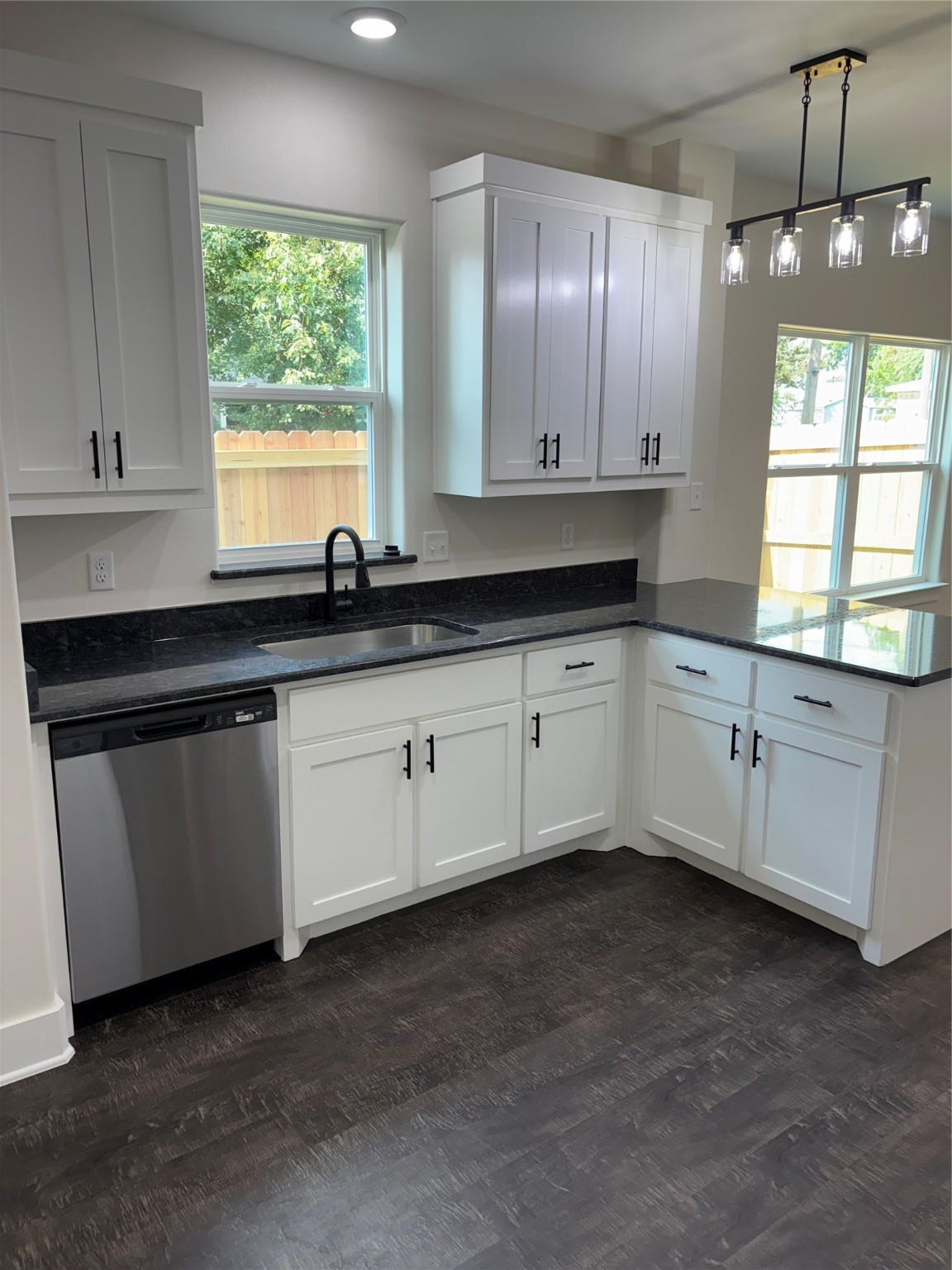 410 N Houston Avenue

━━━━━━

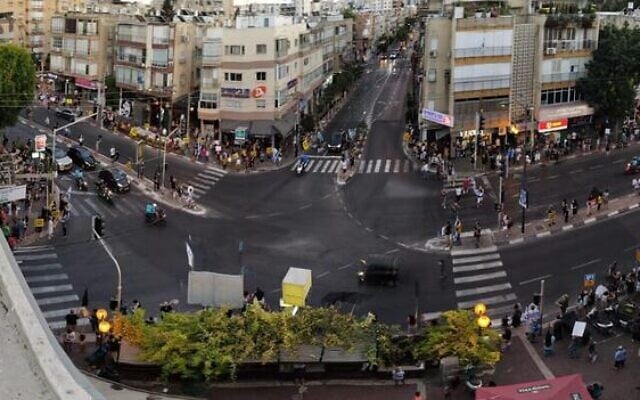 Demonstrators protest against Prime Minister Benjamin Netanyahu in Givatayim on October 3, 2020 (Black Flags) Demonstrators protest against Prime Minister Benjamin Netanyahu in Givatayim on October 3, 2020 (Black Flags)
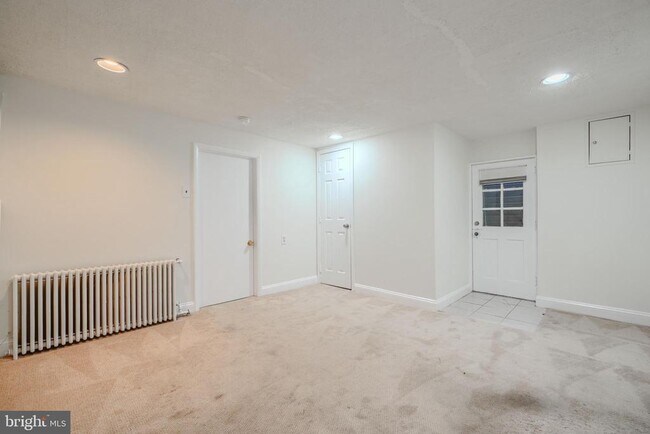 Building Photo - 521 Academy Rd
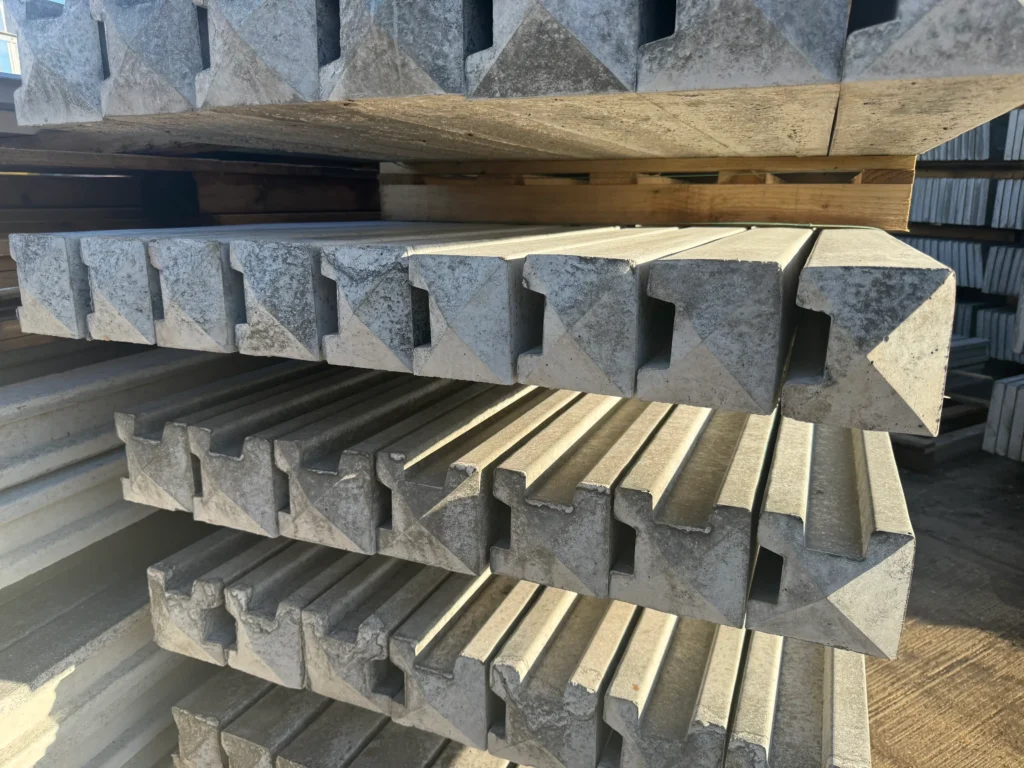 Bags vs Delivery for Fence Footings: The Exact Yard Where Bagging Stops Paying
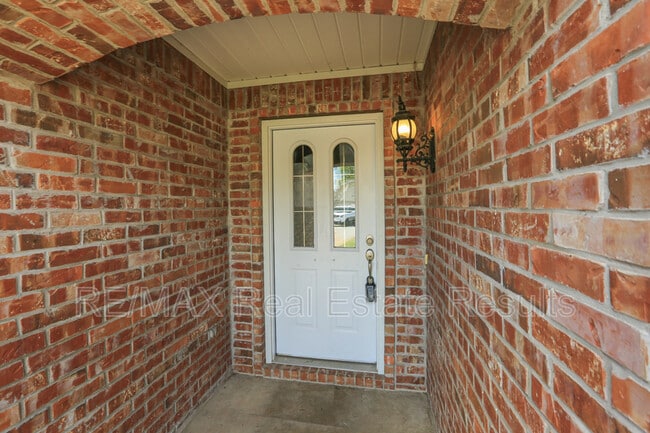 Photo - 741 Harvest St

━━━━━━

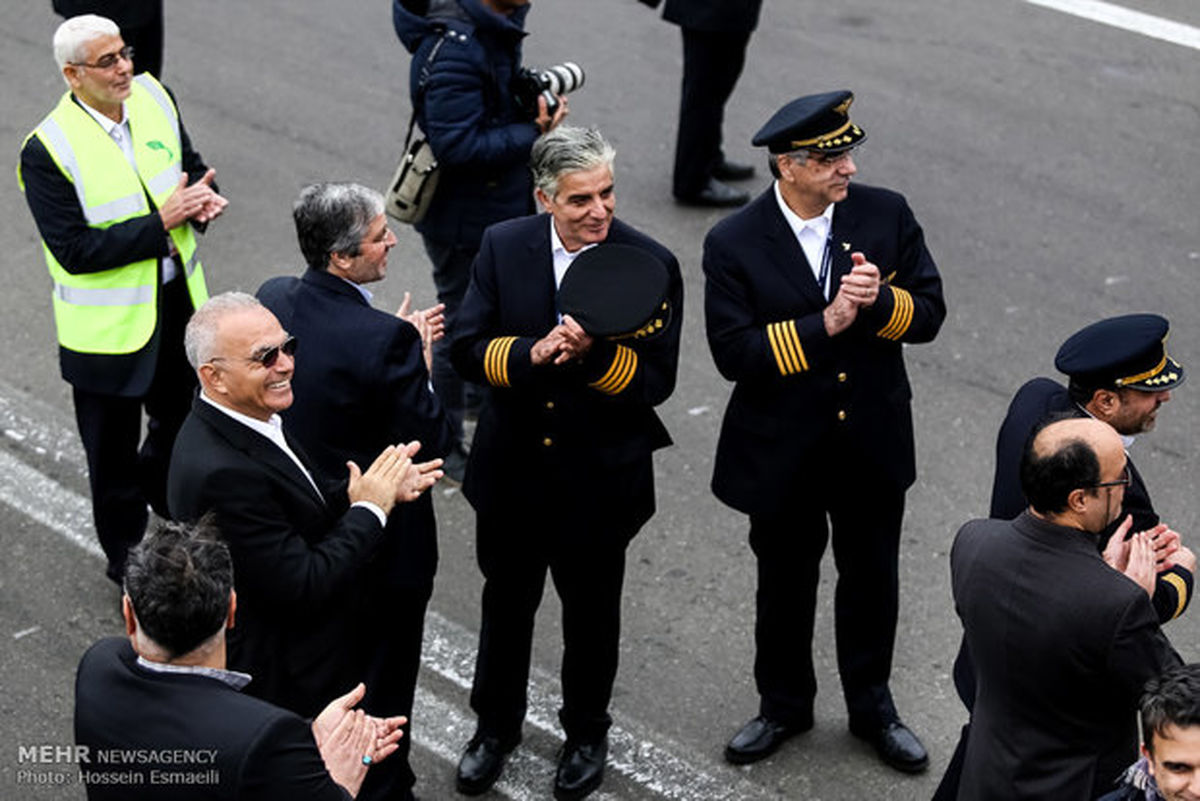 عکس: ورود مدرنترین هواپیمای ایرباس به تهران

━━━━━━

> [What the task asks]: After locating "Bags vs Delivery" and "Photo - 741 Harvest St" in the records above, return exactly the line holding each one and every line between them; leave out the pictures.

> [Result]:
 Bags vs Delivery for Fence Footings: The Exact Yard Where Bagging Stops Paying
 Photo - 741 Harvest St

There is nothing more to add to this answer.